Para melhorar, Mick Jagger declamava parte de algumas canções, sem perder o ritmo ou soar estranho. Caramba, aquilo era muito melhor que os Beatles! Musicalmente talvez fossem até parecidos, mas aqueles rocks tinham alma, não eram simples canções tolas de amor, como o próprio Paul McCartney confessaria mais tarde.

Daí para a frente a paixão pelos Stones foi num crescendo. Minha prima ganhava os LPs e nem ouvia mais, passava direto para mim. Assim comecei minha discoteca com “Out of Our Heads” e a inacreditável “Satisfaction” ao até hoje mal compreendido “Their Satanic Majesties Request”, de 1967, com a foto da capa em três dimensões, atualmente um item de colecionador.

Nem preciso falar das confusões que arrumava com esse, digamos assim, lado Stone. Para começar, dizia para quem quisesse (ou não) ouvir, que os Rolling Stones eram muito melhores que os Beatles. Lembro que o Laerte, um grande amigo da escola, beatlemaníaco de carteirinha, brigou feio e quis acabar a amizade quando afirmei que “Satisfaction” era muito melhor que “Help!”.

Os Stones foram uma abertura para mim. Através deles descobri uma música negra americana efervescente, conheci o R&B, Blues, Soul e, por consequência, o Jazz. Aprendi a tocar violão, baixo e alguma coisa no piano. Comecei a compor melodias para letras dos amigos e, é claro, entrei em um dos centenas de conjuntos musicais que tocavam rock nos apartamentos de classe média de Copacabana.

Mas, infelizmente, a vida não é só música e com a escalada da guerra do Vietnã, o crescente inconformismo diante do status quo e a situação política do Brasil cada vez mais complicada, o foco da minha geração foi mudando. Todos nós, principalmente os estudantes, estávamos diante de uma ruptura que marcaria para sempre nossas vidas, de uma maneira ou outra As canções agora eram cantadas em português, sempre com um recado nas entrelinhas.
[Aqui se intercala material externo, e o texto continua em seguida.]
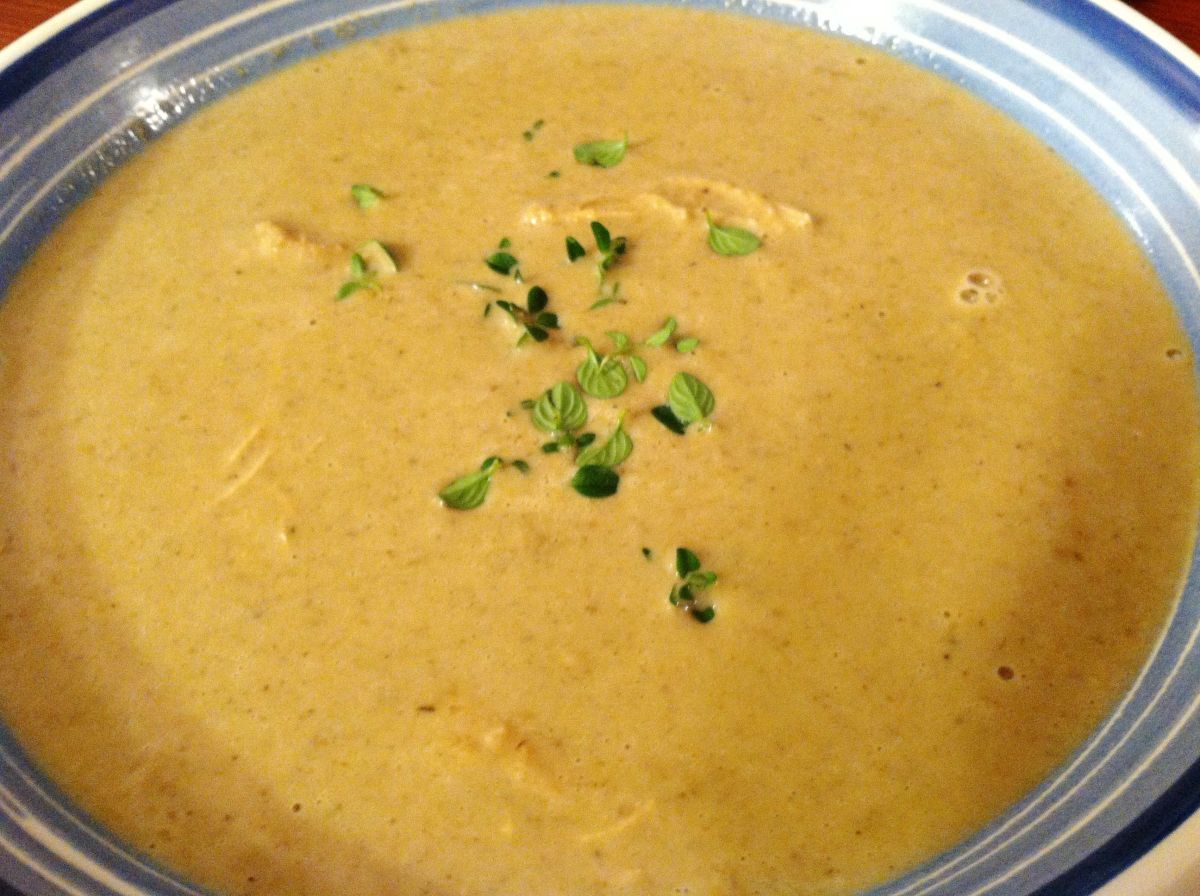 Creamy Mushroom and Chicken Soup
No dia 3 de julho de 1969, o guitarrista Brian Jones foi encontrado morto em sua residência, na Inglaterra, por motivos até hoje meio obscuros. O controle da banda passou para a dupla de compositores, Jagger e Richards. Os trabalhos seguintes, ainda com gravações antigas de Jones renderam bem mas, após “Exile On Main St.”, de 1972, alguma coisa se perdeu e a graça se foi. Mudaram os Stones, eu mudei, o mundo mudou.

Em 1967 quatro rapazes de Cambridge entravam no lendário Abbey Road Studios, em Londres, sob a liderança de um maluco genial para gravar seu primeiro e antológico álbum, “The Piper at the Gates of Down”, com forte influência da música psicodélica dos últimos trabalhos dos Beatles e Rolling Stones. O sucesso e o prestígio que o Pink Floyd conseguiu com seu disco de estreia abriram caminho para um novo tipo de rock, cerebral, introspectivo e técnico, que exigia ótimos músicos, criatividade e muitas horas em bons estúdios de gravação.

Nascia ali o Rock Progressivo, minha próxima paixão. Já os Rolling Stones continuam até hoje a sua saga, mesmo (ou apesar de) setentões e bem castigados pelos excessos. Mas cinquenta anos depois, seus concertos ao vivo pelo mundo todo, com uma energia inacreditável, provam que o poeta gaulês Dylan Thomas sabia o que estava falando, quando um dia cantou que as pedras que rolam não criam limo! Muddy Waters, com certeza, aprovaria.